→ **Required action**: Give the whole listing again, exactly as written.

→ **Given information**:
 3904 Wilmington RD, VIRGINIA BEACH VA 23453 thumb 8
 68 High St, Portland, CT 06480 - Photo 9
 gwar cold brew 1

→ **Exercise output**:
 3904 Wilmington RD, VIRGINIA BEACH VA 23453 thumb 8
 68 High St, Portland, CT 06480 - Photo 9
 gwar cold brew 1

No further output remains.